● DATA UNDER STUDY:

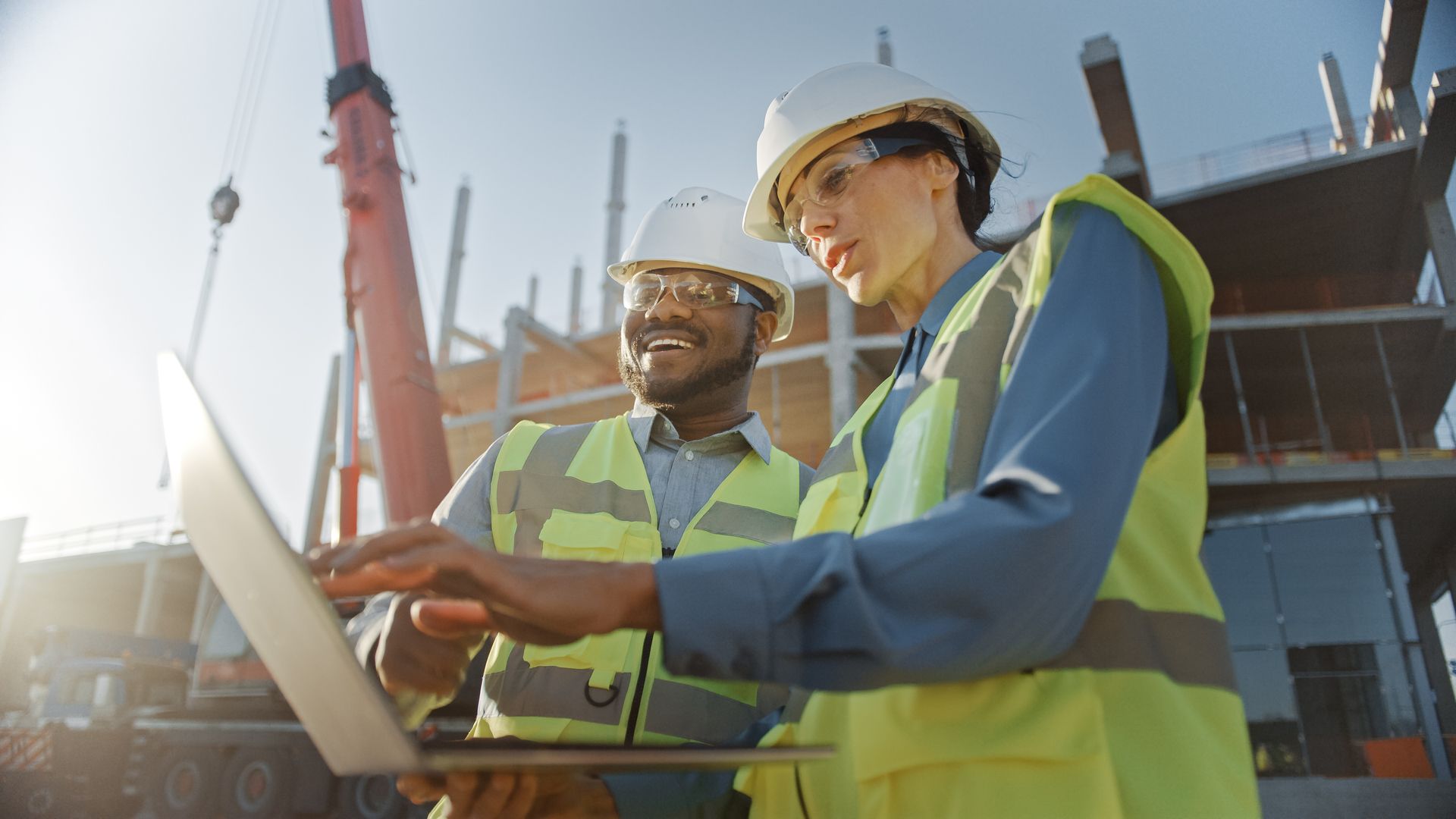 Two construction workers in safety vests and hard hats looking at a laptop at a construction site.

* * *

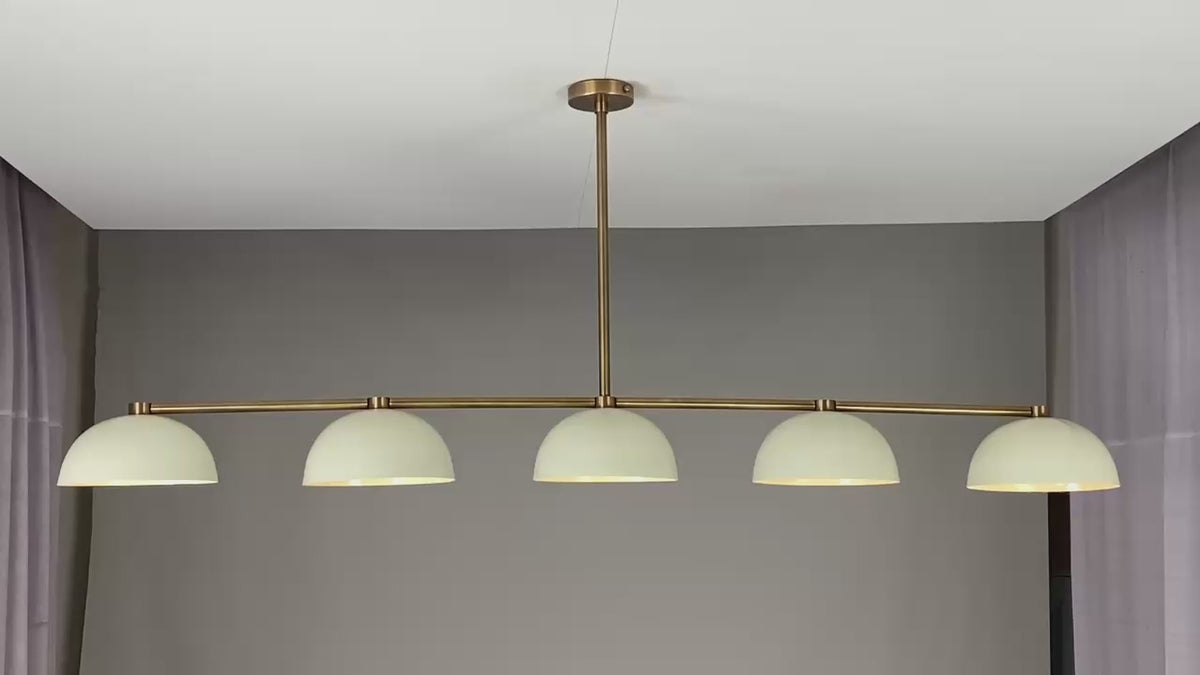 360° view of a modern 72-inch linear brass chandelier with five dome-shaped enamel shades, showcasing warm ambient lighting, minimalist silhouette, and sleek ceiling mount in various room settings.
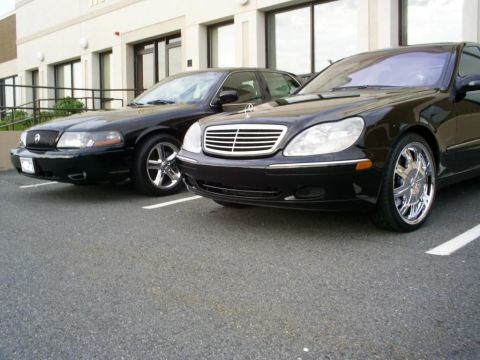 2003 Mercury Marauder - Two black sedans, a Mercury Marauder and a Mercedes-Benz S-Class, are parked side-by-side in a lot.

...

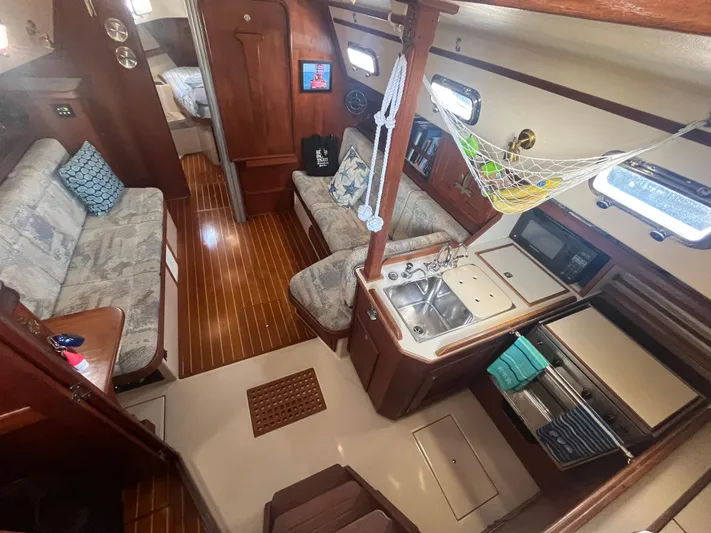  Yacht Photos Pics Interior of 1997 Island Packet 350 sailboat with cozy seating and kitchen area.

● WHAT YOU SHOULD DO: The answer is the lines of the material above, from the one containing "360° view of" down to the one containing "2003 Mercury Marauder", given exactly and without images.

● RESPONSE:
 360° view of a modern 72-inch linear brass chandelier with five dome-shaped enamel shades, showcasing warm ambient lighting, minimalist silhouette, and sleek ceiling mount in various room settings.
 2003 Mercury Marauder - Two black sedans, a Mercury Marauder and a Mercedes-Benz S-Class, are parked side-by-side in a lot.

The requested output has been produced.